[GIVEN RECORDS]:
========

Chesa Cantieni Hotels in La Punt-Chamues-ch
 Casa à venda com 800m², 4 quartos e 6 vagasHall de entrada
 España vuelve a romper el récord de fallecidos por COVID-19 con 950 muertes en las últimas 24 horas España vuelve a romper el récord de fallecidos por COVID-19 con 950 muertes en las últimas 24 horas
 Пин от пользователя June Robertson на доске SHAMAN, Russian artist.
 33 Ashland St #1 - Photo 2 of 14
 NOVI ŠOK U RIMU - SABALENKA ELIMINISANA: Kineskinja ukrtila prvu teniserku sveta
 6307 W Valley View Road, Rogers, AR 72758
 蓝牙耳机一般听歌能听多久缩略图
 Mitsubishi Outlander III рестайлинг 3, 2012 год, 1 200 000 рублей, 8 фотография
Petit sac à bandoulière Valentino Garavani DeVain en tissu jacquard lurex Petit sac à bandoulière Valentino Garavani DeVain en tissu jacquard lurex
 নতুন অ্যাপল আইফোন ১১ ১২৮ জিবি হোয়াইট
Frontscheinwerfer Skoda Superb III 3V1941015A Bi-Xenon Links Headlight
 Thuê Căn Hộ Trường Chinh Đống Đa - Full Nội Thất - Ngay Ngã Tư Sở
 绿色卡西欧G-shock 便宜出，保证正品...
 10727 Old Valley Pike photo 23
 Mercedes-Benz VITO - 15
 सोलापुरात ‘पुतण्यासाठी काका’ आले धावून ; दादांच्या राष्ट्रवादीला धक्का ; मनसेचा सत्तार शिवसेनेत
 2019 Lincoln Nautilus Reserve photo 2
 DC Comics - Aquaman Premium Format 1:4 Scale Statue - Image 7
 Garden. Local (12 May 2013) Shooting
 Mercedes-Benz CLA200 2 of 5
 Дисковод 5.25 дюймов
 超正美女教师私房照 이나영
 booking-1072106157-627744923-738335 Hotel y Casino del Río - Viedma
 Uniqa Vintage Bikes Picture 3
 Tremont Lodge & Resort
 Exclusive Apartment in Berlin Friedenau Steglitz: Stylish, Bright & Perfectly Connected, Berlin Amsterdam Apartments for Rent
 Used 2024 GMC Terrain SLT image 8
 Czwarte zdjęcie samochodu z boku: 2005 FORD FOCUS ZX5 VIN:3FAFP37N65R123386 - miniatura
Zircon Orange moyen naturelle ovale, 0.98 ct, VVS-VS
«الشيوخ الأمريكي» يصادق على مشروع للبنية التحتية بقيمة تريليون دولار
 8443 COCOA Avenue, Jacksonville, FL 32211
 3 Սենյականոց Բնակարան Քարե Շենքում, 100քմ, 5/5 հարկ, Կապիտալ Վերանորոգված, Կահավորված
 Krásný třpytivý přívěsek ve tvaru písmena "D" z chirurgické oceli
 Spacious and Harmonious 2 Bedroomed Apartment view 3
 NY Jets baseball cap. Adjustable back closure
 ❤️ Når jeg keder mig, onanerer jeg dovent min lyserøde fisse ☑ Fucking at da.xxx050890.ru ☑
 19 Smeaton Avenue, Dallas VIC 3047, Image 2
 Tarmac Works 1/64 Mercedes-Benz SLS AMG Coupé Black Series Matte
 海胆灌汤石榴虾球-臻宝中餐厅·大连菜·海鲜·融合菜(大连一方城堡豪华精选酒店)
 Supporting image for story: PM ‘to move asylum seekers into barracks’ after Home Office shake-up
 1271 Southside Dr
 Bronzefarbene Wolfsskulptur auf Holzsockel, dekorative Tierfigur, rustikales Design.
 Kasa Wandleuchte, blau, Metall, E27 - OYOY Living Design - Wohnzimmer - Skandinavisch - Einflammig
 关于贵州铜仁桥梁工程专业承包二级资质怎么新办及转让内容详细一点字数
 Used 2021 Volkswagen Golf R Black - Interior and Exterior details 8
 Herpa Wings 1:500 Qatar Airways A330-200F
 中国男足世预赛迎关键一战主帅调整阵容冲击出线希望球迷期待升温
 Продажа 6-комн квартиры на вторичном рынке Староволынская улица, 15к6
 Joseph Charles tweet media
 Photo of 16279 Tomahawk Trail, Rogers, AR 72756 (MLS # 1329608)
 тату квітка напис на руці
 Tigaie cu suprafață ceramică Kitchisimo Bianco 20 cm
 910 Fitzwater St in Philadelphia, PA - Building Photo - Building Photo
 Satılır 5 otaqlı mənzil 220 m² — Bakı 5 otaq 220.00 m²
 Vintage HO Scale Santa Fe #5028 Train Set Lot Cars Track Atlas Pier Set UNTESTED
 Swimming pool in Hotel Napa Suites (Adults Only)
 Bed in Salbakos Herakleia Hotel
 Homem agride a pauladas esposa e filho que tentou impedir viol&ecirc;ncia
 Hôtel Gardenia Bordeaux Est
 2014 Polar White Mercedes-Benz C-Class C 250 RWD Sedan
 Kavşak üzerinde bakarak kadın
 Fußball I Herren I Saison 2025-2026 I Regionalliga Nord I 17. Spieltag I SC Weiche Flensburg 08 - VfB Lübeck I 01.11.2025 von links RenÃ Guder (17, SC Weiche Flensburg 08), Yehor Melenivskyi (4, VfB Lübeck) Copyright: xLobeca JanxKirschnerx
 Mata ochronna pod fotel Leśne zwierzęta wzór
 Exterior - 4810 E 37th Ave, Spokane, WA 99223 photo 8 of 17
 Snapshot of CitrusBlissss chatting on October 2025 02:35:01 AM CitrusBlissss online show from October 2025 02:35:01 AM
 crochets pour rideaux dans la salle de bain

========

[WORK REQUEST]: The word to look for is "Vintage"; copy out every line of the entries that holds it.

[ANSWER TO THIS EXERCISE]:
 Uniqa Vintage Bikes Picture 3
 Vintage HO Scale Santa Fe #5028 Train Set Lot Cars Track Atlas Pier Set UNTESTED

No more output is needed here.